50年に排出ゼロ 再エネの普及が鍵だ

2020年10月29日 08時06分
 「二〇五〇年までに二酸化炭素(CO2)の排出を実質ゼロにする」と、菅義偉首相は国会で胸を張った。「五〇年実質ゼロ」は今や「国際標準」だが、実現にはエネルギー社会の大改革が不可欠だ。
 少なくとも「周回遅れ」は、取り戻すことができそうだ。
 温暖化対策のためのパリ協定は最新の科学に基づいて、今世紀末までの気温上昇を産業革命前の一・五度未満に抑えるよう求めている。さもなくば、異常気象や海面上昇などの損害は破局的なものになるという。

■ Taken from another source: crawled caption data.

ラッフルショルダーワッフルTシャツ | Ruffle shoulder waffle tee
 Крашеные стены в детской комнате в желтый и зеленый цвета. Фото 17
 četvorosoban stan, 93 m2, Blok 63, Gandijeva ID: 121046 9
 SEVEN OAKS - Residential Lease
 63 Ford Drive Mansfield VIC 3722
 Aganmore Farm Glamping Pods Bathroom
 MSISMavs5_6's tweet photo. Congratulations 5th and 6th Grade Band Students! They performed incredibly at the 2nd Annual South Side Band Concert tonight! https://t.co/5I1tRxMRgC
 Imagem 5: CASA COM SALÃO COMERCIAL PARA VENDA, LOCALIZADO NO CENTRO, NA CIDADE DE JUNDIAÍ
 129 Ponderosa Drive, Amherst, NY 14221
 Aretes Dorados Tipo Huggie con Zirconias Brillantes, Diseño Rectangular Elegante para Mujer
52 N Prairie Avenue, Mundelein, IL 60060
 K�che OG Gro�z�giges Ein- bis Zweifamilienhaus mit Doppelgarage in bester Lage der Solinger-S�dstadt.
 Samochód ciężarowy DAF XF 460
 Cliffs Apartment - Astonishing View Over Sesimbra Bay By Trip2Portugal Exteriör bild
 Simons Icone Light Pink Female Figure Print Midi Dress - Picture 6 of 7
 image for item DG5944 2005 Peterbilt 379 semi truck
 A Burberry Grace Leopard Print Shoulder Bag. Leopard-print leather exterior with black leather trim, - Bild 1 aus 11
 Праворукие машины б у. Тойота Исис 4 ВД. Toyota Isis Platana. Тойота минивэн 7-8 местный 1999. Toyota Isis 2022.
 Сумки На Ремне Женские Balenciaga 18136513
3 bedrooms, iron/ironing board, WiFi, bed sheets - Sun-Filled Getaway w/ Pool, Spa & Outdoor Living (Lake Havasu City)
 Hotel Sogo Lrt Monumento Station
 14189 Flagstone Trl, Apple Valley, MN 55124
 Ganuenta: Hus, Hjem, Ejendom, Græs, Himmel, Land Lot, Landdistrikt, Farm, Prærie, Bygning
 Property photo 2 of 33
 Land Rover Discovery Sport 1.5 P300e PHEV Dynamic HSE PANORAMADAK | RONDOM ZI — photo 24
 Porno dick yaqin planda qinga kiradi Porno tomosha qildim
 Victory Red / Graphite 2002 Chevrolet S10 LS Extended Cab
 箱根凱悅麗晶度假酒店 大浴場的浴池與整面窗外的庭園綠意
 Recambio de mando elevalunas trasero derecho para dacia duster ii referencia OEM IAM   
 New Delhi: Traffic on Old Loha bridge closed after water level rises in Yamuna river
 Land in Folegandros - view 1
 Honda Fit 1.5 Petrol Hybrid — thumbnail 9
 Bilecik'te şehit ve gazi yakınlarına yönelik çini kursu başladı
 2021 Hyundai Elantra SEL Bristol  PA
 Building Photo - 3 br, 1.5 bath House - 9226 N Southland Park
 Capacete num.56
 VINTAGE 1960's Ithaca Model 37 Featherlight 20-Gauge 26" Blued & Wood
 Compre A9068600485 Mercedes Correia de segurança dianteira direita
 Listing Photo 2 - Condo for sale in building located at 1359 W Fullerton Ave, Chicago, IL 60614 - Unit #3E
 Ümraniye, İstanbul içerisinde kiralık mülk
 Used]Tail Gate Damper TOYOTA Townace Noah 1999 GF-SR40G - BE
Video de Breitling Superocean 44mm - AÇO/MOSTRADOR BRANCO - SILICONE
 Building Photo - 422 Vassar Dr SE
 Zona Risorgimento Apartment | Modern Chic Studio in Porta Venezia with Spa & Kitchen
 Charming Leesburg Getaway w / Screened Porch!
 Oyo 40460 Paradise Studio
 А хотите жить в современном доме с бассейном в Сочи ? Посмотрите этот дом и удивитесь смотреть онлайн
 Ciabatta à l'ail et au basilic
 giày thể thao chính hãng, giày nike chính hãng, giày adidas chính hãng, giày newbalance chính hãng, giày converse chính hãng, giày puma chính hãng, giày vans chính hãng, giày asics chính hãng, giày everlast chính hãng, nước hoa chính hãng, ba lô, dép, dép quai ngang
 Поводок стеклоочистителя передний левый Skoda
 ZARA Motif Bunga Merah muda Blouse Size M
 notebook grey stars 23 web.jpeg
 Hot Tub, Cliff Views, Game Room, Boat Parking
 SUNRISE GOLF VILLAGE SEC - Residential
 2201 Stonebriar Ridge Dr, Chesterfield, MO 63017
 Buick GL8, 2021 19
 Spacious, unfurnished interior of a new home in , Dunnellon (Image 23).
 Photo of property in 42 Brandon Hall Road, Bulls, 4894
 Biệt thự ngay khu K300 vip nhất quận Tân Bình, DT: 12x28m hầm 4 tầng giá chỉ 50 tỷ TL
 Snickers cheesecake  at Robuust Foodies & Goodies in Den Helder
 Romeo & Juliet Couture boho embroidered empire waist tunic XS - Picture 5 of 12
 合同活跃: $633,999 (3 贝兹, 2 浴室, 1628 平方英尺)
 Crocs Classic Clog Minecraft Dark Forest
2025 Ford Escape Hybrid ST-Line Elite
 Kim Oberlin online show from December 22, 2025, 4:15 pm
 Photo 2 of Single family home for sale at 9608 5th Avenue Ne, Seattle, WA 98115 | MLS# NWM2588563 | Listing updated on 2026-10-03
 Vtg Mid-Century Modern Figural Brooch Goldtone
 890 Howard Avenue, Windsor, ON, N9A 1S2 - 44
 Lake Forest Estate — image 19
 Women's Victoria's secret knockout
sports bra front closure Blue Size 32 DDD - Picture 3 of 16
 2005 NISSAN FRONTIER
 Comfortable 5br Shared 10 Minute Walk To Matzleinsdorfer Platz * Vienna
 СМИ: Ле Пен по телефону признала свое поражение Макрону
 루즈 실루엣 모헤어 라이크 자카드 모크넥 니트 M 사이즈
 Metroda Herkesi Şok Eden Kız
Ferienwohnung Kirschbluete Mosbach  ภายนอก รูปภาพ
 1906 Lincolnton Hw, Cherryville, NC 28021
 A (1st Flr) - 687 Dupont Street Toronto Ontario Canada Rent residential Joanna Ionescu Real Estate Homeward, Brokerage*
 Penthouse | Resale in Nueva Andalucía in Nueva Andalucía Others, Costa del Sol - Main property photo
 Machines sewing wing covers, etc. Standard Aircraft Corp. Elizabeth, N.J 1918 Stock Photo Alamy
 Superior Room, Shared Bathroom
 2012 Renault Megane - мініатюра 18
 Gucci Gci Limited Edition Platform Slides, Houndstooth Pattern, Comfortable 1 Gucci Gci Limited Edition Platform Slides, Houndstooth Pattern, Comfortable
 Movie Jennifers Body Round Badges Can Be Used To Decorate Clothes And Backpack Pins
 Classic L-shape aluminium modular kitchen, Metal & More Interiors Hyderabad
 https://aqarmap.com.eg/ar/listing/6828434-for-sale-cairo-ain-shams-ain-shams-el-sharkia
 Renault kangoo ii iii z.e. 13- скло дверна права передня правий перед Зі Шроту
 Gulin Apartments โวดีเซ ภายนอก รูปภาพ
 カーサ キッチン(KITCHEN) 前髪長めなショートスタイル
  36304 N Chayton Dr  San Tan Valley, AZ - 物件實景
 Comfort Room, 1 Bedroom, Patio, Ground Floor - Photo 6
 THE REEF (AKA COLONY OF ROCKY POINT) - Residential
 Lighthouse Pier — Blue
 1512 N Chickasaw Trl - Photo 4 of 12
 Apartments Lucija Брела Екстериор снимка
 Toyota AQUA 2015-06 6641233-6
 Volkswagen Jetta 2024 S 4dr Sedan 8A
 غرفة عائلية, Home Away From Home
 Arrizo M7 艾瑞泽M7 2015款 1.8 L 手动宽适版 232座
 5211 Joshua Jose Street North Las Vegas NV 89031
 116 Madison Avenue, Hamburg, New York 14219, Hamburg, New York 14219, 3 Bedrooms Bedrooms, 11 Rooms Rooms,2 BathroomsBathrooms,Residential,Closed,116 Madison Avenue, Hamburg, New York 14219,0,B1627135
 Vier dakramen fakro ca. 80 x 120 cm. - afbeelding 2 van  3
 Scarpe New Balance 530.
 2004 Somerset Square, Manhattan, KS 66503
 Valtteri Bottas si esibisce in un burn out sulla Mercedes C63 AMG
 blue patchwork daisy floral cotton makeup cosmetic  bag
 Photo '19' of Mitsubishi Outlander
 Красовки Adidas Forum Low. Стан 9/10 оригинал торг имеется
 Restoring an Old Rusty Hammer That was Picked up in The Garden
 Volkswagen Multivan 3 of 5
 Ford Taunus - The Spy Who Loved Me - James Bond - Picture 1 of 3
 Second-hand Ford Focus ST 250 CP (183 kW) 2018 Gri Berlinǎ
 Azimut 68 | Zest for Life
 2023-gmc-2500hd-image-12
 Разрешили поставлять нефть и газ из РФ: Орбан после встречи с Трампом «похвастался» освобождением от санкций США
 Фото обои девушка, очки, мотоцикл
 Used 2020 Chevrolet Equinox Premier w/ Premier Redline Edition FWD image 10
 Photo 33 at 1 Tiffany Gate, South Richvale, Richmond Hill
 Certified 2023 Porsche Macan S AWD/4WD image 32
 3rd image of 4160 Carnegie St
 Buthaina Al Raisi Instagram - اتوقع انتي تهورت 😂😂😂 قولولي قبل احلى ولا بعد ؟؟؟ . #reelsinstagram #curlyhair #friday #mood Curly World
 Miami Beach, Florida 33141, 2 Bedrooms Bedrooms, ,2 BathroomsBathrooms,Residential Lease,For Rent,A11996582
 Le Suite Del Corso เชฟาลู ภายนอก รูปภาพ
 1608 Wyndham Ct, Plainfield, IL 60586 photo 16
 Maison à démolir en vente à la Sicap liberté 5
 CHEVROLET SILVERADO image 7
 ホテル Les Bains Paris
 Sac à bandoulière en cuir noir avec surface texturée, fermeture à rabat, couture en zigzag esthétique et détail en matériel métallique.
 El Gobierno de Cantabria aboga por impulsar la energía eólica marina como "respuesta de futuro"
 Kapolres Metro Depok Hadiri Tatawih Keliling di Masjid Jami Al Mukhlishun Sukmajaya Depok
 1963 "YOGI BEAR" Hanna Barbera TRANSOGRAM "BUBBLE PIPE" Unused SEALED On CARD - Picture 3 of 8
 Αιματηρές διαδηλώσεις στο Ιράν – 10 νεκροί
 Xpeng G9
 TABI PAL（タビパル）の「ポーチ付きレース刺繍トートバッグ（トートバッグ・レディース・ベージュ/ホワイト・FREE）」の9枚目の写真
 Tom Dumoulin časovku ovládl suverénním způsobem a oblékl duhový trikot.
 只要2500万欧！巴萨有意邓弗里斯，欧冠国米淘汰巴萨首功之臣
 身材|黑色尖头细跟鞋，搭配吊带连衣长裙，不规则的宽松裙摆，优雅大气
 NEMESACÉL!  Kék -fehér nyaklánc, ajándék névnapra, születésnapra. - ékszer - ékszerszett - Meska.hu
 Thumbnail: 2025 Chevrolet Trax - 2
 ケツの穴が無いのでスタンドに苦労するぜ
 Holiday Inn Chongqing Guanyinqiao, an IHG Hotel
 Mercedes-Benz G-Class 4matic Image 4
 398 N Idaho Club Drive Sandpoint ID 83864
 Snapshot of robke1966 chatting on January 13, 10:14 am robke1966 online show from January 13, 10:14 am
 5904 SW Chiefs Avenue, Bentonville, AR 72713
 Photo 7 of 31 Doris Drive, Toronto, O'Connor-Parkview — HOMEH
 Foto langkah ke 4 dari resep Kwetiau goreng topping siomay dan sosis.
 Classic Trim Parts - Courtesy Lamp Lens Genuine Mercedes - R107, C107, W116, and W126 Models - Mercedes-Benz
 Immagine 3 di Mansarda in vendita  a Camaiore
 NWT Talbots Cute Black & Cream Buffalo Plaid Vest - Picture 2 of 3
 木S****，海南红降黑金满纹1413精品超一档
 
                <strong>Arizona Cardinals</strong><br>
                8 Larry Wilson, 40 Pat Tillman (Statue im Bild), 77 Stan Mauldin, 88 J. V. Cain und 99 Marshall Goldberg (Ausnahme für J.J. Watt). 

 「二〇五〇年実質ゼロ」が「一・五度目標」達成のための最低条件、すなわち「気候危機」を脱するための必要条件であることは、もはや世界の常識である。
 「五〇年実質ゼロ」の目標を掲げ、達成に向けてすでに動き始めている国は、約百二十カ国に上っている。
 先進七カ国(G7)の中では、日本と、パリ協定からの離脱を宣言したトランプ大統領の米国だけが例外だった。
 一方、来月三日の米大統領選で優勢が伝えられるバイデン候補は「五〇年実質ゼロ」を公約として掲げている。当選すれば、独り取り残されてしまうという危機感が高まる中で、首相は“仲間入り”に踏み切った。
 目標を明確にしたことは評価したい。だが問題は、その手段と道筋だ。
 「鍵となるのは、次世代型太陽電池、カーボンリサイクルをはじめとした、革新的なイノベーションです」と、所信表明で首相は述べた。技術革新は必要だ。だが「実質ゼロ」のハードルは低くない。まだ見ぬ技術に頼っていては間に合わない。
 「安全最優先で原子力政策を進めることで、安定的なエネルギー供給を確立します」とした発言も看過できない。
 原発は事故のリスクが大きく、安全対策に膨大なコストもかかる。経済合理性がない。
 「グリーンリカバリー(緑の回復)」。コロナ禍で冷え込んだ経済を環境への投資で再生させようという世界的な流れの中で、温室効果ガスを大量に排出する石炭火力発電所を速やかに廃止して、再生可能エネルギーへの切り替えを加速する−。「実質ゼロ」への道のりは、そこからだ。
 今月から本格化した国のエネルギー基本計画改定の議論に、その意思を反映させられるかどうか。政権の本気度が試される。